*** Opening of Data for the task ***

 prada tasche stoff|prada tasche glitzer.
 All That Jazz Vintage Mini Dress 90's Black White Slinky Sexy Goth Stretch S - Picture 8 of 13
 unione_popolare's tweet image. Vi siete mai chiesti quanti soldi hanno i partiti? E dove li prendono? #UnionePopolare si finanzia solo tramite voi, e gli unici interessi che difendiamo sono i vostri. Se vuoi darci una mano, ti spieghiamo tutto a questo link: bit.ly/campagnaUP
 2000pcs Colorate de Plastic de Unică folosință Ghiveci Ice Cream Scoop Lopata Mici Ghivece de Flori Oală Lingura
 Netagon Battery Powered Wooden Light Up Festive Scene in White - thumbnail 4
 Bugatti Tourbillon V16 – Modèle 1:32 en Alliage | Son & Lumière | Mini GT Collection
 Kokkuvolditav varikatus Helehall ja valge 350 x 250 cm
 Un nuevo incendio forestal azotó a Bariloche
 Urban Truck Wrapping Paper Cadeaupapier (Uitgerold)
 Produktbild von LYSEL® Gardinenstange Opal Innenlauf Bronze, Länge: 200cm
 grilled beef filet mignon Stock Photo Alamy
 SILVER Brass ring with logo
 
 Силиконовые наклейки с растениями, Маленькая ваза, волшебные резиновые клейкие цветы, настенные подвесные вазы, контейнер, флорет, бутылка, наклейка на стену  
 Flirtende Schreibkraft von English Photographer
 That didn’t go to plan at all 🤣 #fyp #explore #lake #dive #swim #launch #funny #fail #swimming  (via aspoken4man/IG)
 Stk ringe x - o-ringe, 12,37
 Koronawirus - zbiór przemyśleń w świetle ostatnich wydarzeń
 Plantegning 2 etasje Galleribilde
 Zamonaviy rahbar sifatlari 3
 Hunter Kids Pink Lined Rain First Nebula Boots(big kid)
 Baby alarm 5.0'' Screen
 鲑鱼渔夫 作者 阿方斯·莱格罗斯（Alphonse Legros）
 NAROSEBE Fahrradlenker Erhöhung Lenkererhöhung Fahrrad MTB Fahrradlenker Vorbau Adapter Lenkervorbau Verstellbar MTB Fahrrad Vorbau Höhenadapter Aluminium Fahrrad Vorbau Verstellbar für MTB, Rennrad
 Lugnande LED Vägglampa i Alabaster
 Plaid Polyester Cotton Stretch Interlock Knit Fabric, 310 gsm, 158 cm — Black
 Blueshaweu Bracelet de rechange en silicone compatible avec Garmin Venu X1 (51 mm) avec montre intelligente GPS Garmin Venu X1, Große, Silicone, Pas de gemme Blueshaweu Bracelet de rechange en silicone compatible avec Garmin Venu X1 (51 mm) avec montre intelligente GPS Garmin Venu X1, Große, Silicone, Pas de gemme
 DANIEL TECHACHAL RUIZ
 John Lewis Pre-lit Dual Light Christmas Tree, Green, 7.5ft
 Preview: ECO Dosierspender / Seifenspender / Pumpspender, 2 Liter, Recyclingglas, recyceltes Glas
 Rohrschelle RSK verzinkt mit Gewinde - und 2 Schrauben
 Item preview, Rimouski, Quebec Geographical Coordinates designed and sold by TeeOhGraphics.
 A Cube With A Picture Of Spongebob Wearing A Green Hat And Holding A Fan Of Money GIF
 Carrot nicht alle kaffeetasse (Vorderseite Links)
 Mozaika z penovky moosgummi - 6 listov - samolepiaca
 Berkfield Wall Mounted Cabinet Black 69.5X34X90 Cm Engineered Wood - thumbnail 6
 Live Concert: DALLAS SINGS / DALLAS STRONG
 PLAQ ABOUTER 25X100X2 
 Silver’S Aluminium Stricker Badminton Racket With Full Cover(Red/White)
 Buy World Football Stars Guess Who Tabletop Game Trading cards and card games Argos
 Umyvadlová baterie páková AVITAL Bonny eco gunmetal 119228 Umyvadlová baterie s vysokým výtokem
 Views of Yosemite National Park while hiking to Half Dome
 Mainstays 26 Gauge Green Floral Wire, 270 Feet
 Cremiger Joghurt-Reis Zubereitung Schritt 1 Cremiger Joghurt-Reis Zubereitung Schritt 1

*** Close of Data for the task ***

● **Work request**
For the span from the line containing "PLAQ ABOUTER 25X100X2" through the last line of the entries above, transcribe each line exactly and leave out everything else.

● **Task output**
 PLAQ ABOUTER 25X100X2 
 Silver’S Aluminium Stricker Badminton Racket With Full Cover(Red/White)
 Buy World Football Stars Guess Who Tabletop Game Trading cards and card games Argos
 Umyvadlová baterie páková AVITAL Bonny eco gunmetal 119228 Umyvadlová baterie s vysokým výtokem
 Views of Yosemite National Park while hiking to Half Dome
 Mainstays 26 Gauge Green Floral Wire, 270 Feet
 Cremiger Joghurt-Reis Zubereitung Schritt 1 Cremiger Joghurt-Reis Zubereitung Schritt 1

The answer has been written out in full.